_WHAT THE TASK ASKS_
Your output should be the lines below from the one with "American Psycho Baskılı Beyaz Unisex Hoodie" through the one with "The Enchanting En", copied exactly, pictures excluded.

_SOURCE RECORDS_
··········

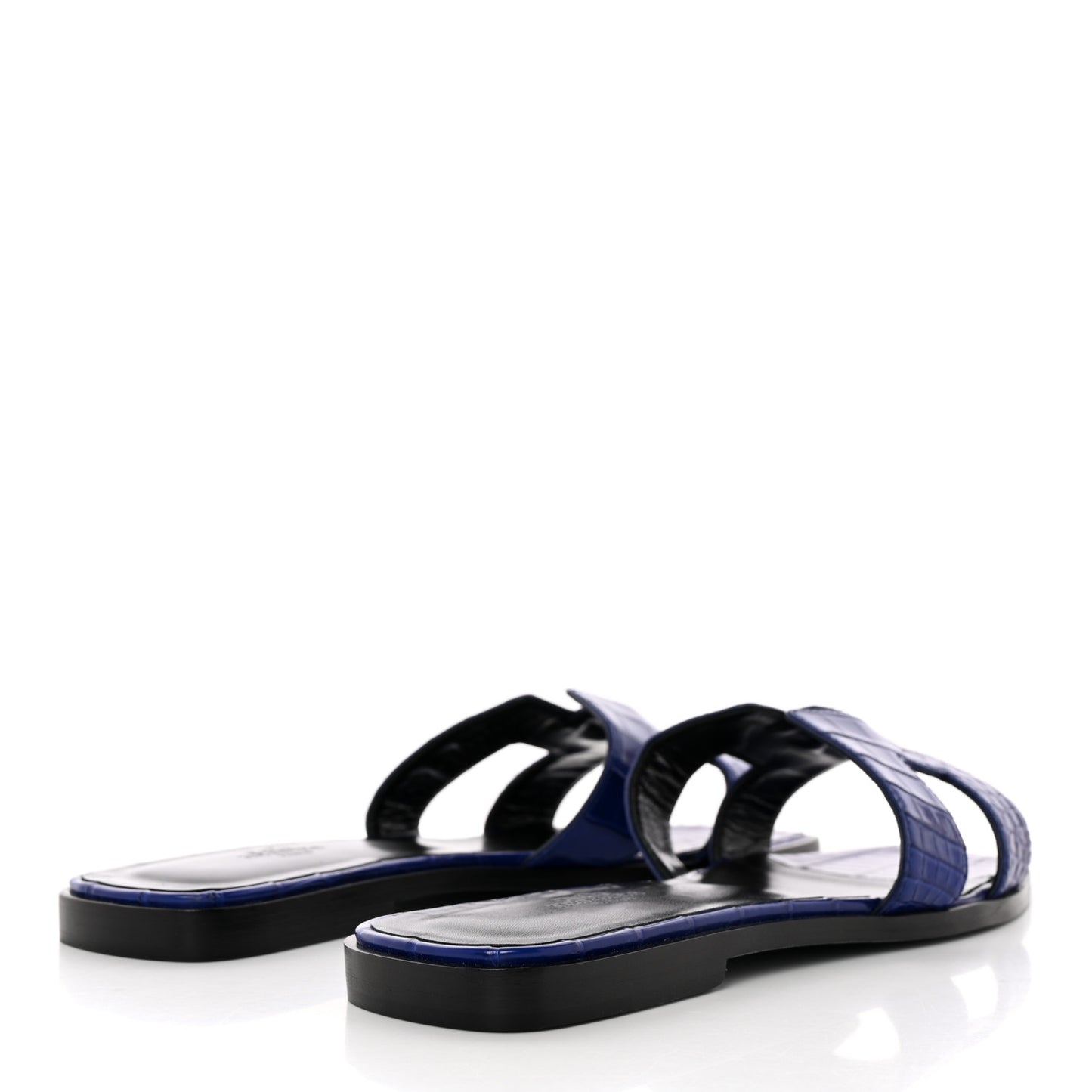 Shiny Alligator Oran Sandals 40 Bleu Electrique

··········

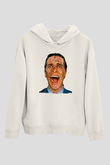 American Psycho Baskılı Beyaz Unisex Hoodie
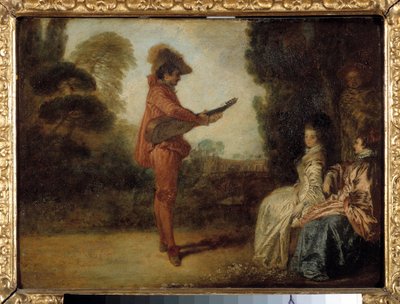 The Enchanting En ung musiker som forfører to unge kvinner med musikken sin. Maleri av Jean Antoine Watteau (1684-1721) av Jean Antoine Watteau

··········

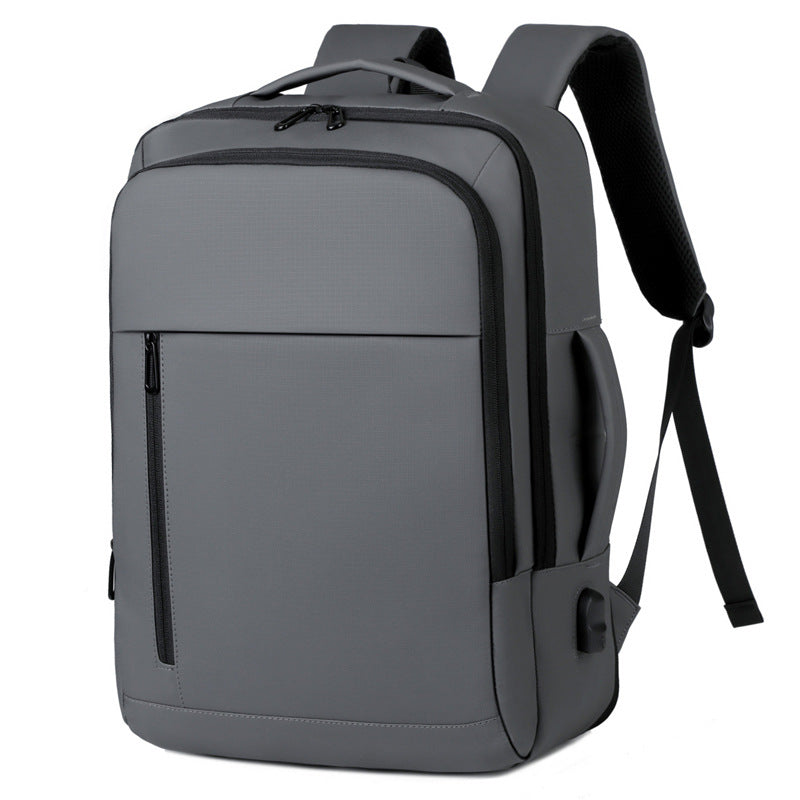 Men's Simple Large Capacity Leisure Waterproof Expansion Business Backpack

··········

_RESPONSE_
 American Psycho Baskılı Beyaz Unisex Hoodie
 The Enchanting En ung musiker som forfører to unge kvinner med musikken sin. Maleri av Jean Antoine Watteau (1684-1721) av Jean Antoine Watteau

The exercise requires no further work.